Il fait sombre, les températures commencent à remonter, et il n'y a vraiment pas grand monde à l'entrée. Il s'avance, en évitant les quelques personnes qui traversent l'endroit pour rentrer chez elles : la veille au soir, la voisine est venue toquer pour leur donner des restes de dîner qui lui venaient d'un repas de famille. Des choses qui peuvent se manger froides, et que Spencer a emballées ce matin dans de l'aluminium pour les ranger dans son sac.

Il n'a pu prendre qu'un seul livre, qu'il a relu trois fois avant les cours, deux fois pendant, et quatre fois à midi : mais ça vaut la peine. Ça vaut toujours la peine, mais là encore plus.

D'un pas décidé, il marche en direction de la place.

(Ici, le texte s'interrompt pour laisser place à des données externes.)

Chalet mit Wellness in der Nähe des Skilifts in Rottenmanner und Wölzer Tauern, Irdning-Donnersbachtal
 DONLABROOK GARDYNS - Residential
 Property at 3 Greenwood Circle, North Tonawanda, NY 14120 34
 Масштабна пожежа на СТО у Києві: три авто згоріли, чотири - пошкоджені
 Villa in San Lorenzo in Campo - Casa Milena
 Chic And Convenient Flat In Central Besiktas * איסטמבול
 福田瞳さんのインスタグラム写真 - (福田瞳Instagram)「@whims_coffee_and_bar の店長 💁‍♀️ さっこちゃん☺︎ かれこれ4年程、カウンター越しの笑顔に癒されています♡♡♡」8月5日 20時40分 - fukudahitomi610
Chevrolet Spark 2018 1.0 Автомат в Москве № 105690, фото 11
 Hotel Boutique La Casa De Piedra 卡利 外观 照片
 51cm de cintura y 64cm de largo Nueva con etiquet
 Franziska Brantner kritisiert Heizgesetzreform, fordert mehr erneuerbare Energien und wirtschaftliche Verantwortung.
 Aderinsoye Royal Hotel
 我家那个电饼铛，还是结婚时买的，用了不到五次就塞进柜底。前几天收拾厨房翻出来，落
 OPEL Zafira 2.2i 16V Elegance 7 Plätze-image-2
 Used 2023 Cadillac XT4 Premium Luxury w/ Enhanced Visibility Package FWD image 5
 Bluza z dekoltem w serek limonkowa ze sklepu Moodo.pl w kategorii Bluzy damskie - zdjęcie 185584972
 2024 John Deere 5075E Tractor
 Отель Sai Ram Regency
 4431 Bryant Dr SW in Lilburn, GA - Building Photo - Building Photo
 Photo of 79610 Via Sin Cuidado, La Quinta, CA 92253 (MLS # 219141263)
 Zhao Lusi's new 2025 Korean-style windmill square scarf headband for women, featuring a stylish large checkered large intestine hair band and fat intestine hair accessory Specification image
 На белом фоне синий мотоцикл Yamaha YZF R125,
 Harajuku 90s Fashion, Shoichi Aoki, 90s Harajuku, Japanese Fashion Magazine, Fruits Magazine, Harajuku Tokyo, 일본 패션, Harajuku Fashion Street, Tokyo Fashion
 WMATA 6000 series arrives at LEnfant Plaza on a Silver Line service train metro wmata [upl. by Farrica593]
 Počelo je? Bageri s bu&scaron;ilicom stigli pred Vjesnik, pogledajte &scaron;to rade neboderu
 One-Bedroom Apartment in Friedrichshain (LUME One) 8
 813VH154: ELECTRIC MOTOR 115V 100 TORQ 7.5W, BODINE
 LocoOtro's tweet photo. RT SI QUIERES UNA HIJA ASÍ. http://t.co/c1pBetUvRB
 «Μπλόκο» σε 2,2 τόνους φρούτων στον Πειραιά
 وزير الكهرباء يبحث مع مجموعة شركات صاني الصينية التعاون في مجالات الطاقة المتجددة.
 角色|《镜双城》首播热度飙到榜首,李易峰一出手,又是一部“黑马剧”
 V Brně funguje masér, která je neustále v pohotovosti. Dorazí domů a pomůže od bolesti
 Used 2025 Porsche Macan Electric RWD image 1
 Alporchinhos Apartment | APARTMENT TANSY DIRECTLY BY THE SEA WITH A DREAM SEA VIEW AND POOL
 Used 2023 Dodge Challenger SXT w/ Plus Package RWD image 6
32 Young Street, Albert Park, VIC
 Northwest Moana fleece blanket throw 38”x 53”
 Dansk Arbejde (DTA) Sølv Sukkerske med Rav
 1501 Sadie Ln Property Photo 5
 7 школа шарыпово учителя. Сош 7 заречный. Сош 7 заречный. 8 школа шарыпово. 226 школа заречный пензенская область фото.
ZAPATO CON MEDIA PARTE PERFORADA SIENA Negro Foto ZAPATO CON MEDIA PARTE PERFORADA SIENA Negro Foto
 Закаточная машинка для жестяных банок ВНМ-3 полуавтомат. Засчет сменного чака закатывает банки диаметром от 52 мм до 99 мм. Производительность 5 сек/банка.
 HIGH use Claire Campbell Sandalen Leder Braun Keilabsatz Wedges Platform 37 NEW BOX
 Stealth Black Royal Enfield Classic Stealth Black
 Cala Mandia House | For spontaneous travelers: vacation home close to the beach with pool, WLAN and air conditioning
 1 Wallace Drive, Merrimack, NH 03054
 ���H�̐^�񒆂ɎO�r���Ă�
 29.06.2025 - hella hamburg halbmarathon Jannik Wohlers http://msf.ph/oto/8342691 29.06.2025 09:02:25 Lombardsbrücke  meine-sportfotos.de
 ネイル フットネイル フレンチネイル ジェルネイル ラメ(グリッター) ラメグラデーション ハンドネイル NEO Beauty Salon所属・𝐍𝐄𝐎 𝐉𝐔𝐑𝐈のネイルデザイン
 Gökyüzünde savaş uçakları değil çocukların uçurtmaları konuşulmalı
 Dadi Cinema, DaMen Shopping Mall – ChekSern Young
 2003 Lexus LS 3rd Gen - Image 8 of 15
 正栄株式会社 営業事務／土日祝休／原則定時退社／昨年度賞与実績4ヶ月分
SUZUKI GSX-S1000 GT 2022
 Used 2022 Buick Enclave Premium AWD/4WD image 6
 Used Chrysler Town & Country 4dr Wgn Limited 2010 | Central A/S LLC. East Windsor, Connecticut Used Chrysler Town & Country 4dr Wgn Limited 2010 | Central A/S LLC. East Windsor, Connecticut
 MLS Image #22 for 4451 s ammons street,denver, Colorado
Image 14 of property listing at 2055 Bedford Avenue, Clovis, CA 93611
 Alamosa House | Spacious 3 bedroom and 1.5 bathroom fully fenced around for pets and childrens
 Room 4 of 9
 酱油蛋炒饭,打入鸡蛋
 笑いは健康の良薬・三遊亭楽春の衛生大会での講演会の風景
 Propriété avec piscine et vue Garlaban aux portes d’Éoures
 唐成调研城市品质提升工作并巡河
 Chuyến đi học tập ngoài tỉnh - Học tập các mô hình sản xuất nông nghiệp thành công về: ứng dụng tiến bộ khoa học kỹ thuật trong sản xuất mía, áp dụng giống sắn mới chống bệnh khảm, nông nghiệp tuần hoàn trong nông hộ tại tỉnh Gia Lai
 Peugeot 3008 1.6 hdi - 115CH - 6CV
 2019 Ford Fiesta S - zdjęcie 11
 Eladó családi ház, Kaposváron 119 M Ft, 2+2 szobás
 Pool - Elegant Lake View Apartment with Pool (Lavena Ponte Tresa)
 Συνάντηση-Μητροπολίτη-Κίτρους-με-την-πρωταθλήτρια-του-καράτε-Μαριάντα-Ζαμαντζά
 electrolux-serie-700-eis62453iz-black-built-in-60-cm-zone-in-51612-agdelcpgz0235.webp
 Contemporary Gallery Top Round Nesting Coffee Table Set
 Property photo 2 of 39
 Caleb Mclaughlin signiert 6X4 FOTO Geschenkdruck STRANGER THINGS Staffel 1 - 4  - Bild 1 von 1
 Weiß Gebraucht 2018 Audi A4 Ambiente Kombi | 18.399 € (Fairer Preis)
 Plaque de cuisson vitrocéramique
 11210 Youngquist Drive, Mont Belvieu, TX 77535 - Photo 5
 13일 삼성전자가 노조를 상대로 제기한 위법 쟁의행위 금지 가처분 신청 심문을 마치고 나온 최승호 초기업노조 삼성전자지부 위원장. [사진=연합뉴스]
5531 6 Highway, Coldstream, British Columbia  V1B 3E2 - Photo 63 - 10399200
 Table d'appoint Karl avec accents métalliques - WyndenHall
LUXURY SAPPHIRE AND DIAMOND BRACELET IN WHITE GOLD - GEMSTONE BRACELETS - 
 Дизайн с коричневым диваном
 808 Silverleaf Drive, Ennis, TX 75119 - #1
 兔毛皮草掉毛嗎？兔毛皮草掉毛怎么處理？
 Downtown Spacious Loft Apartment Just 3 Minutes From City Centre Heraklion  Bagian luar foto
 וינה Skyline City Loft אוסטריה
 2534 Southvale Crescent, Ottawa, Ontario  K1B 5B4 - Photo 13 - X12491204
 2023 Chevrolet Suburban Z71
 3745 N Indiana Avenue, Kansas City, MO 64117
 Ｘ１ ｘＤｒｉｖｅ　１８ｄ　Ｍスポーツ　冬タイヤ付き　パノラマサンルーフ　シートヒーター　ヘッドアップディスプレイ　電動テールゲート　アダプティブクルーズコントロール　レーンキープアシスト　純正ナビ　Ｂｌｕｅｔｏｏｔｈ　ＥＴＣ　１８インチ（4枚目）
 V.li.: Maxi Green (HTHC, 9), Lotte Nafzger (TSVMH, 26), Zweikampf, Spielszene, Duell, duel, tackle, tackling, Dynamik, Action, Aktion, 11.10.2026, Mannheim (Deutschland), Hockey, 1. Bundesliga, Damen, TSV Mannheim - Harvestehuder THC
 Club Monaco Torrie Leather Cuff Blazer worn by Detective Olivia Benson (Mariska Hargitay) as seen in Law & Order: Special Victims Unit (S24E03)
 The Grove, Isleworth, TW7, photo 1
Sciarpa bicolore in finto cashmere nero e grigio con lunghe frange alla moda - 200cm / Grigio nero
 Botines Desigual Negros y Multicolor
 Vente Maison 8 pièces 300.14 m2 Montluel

Il n'a pas pris les bottes, alors ses vieilles chaussures en toile (qu'il a achetées vraiment pas cher, et qui indiquent « cunverses » à l'arrière) sont plus ou moins complètement trempées, presque autant que ses chaussettes dépareillées.

Mais ce n'est pas grave, aujourd'hui il se sent bien, et son ciré plus vraiment étanche (plus du tout, la capuche est trempée et il le sent dans sa nuque) le protège encore à peu près correctement. Il marmonne à voix basse en débattant d'une formule de maths qui lui a causé du fil à retordre (il l'a trouvée dans une thèse qu'il a empruntée (volée) à la bibliothèque universitaire du centre-ville).

La veille, le matin, la conseillère d'orientation lui a appris que CalTech lui proposait une bourse d'études ainsi qu'une place de choix dans leur internat. Il a serré les lèvres, essayant de toutes ses forces de ne pas être heureux et ravi par ça, par cette école qu'il meurt d'envie de rejoindre car il a lu des dizaines et des dizaines de travaux de quelques professeurs et d'anciens élèves et c'est brillant et intéressant et même passionnant. Et même si Spencer adore la littérature de tout son cœur, les mathématiques....

Il inspire, et balaye la place du regard, sous la pluie.

Il y a quelques personnes, oui : des parapluies qui cachent les visages, et des enfants qui courent. Trois personnes jouent aux échecs autour d'une table, et la troisième tient le manche qui les garde à l'abri. Spencer se rapproche, juste un peu car il n'a besoin que d'une confirmation rapide. Une fois assez proche, c'est évident qu'il ne les connaît pas, pourtant il rassemble assez de courage pour se racler la gorge et demander d'une petite voix :

— Excusez-moi... je... vous n'avez pas vu George ou Marc ?

Ces deux-là semblent être le centre de tout le monde : Marc rit avec les autres, et George pose sur eux tous un regard de père. Quand il faut un conseil, c'est vers lui qu'on se tourne.

La femme, celle qui tient le parapluie, dit :

— Oh, petit. Désolé, mais ça fait quelques jours qu'ils ne sont pas venus. Ils vont pas tarder à revenir je pense, avec ces pluies torrentielles ils ont dû trouver des places dans des centres.

Les sourcils de Spencer se haussent, et sa bouche fait un rond. Il acquiesce, souffle des remerciements, et pense à cette nourriture dans son sac qu'il ne va pas pouvoir leur donner. C'est peut-être tant mieux, de les savoir à l'abri plutôt que dans une ruelle ou au coin d'une rue à chanter ou à s'asseoir avec l'air triste.

Il sourit timidement, et tourne les talons sans s'attarder.

Ce n'est pas grave, pas vraiment : ça aurait été difficile de parler avec toute cette pluie, au final. Il n'a pas vu George depuis un moment, et il lui manque (et même si Spencer sait que le sentiment de manque est une réaction chimique créée par l'habitude du corps à se sentir détendu avec une personne, ça ne change rien). Il fourre des mains dans ses poches, et marche rapidement en direction de la sortie. Il lui reste encore de la marche, et même si son manteau le couvre à peu près bien il n'a pas forcément pensé à son pantalon, son jean qui colle à ses cuisses et qui irrite sa peau à chaque pas un peu trop franc.

Quand il sort du parc et commence à remonter la rue, c'est avec une capuche descendant sur ses yeux qu'il se cogne à quelqu'un, et finit sur le derrière. Les mains sur le sol sale, l'eau s'infiltrant dans le tissu, Spencer regarde ses chaussures avant que son couvre-tête glisse en arrière et que de la pluie ruisselle dans ses cheveux.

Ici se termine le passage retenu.